= Bruno Zirato =

Italian-American music manager (1884-1972)

Bruno Zirato (September 27, 1884 - November 28, 1972) was an Italian immigrant to the United States who became the personal secretary to famous operatic tenor Enrico Caruso, personal manager to various singers and conductors, and was the managing director of the New York Philharmonic.

==Early years==
Zirato was born in Italy on September 27, 1884 and he became an American citizen. He was a journalist before he moved into the music-related career for which he became known. He worked for the Il Giornale d'Italia newspaper in Rome, Italy. In 1912, he went to Paris, intending to study journalism at the Sorbonne (a move that his father opposed). An American physician whom Zirato met in Paris persuaded him to go to the United States, stressing financial opportunities that America provided. They traveled on a steamer to New York City, checked into a hotel and made plans to have dinner together. When dinnertime arrived, Zirato found that the doctor had left for his home in Kansas City. With limited funds and a limited knowledge of English, Zirato survived financially by working for the Italian-language newspaper Araldo Italiano, teaching people Italian, and coaching singers regarding pronunciation. He also taught Italian in New York University's summer school and lectured on Italian literature.

==Career==
In 1915, Zirato and Enrico Caruso met at a wartime fundraising event. They became friends, and Caruso soon hired Zirato as his personal secretary. Dorothy Caruso, who married the tenor in 1918, wrote of Zirato in her 1945 biography of her husband: "Zirato wasn't a trained secretary. No professional could have held the position for a day, for although he was highly paid, he had no time to himself, no regular hours. He had to do anything Enrico asked and at any time, regardless of his personal feelings."

After Caruso's death in 1921, Zirato became business manager of Musical Digest, a position that he held from 1922 to 1928. During that period he also was the New York representative of the opera houses Teatro Colón and La Scala and the opera companies in Los Angeles and San Francisco.

Zirato became the personal manager for many opera singers, including Grace Moore, Ezio Pinza, and Lily Pons, and for conductors. His influence and managerial responsibilities expanded in 1936 when he became vice president of Columbia Artists Management. He retired from that position in 1956.

=== New York Philharmonic ===
Zirato's association with the New York Philharmonic began in 1927, "when it was decided that the orchestra needed an Italian-speaking liaison to smooth dealings with its tempestuous principal conductor, Arturo Toscanini." His title was Special Representative of the Philharmonic-Symphony Society of New York for Toscanini. A 1931 newspaper article reported, "During the past two seasons Bruno Zirato has been literally the shadow of Arturo Toscanini. Wherever Toscanini has gone, there has gone Bruno." Zirato and Toscanini remained friends until Toscanini's death in 1957.

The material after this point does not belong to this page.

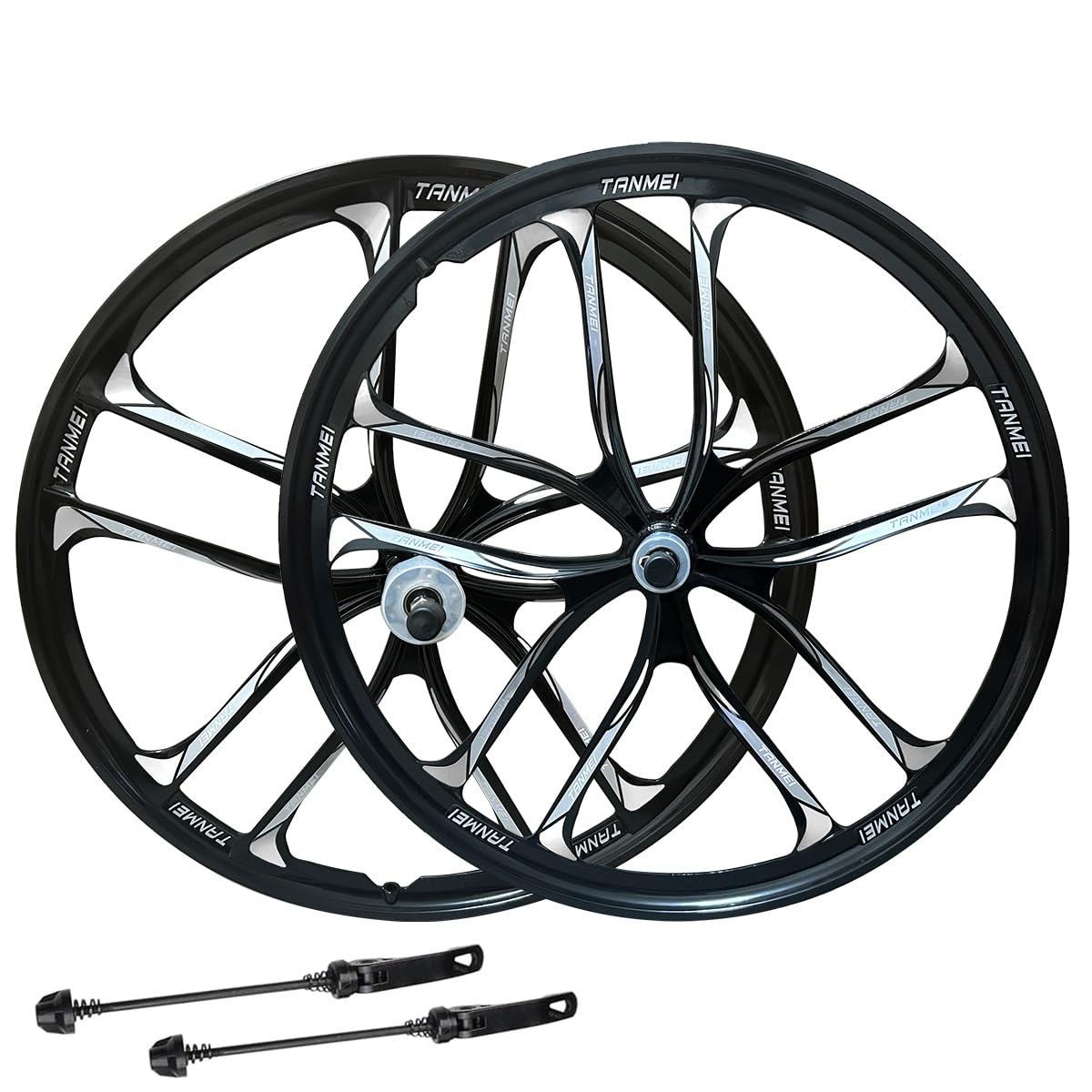 QUYCOIU Bike Wheel Set 24/26/27.5 Inch Magnesium Alloy One-Piece Bike Wheels 10 Spokes Rim Front & Rear 100x135mm For 6-9s Freewheel Quick Release Axles(Black-Silver,24in-Pair)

In 1931, Zirato became the Philharmonic's associate manager. He was appointed co-manager with Arthur Judson in 1947, and was named managing director following Judson's retirement in 1956. Zirato resigned from that position in 1959, at which time he was named adviser to the group's board of directors, retaining that position for the rest of his life.

During Zirato's tenure with the Philharmonic, the orchestra toured Europe in 1930 and North America in 1955, after which there was a tour of Britain and other parts of Europe. While Zirato was co-manager and managing director, the Philharmonic's financial status improved and attendance increased.

==Personal life and death==
On June 15, 1921, Zirato married soprano Nina Morgana in Buffalo, New York. They had a son, Bruno Zirato Jr. Zirato died on November 28, 1972, in Columbia-Presbyterian Medical Center, aged 88. He was buried in Far Ridge Cemetery in Chappaqua, New York.

== Book ==
Zirato and Pierre V. R. Key wrote the book Enrico Caruso, a Biography.

== In popular culture ==
Zirato was portrayed by Vincenzo Amato in Bradley Cooper's 2023 film Maestro.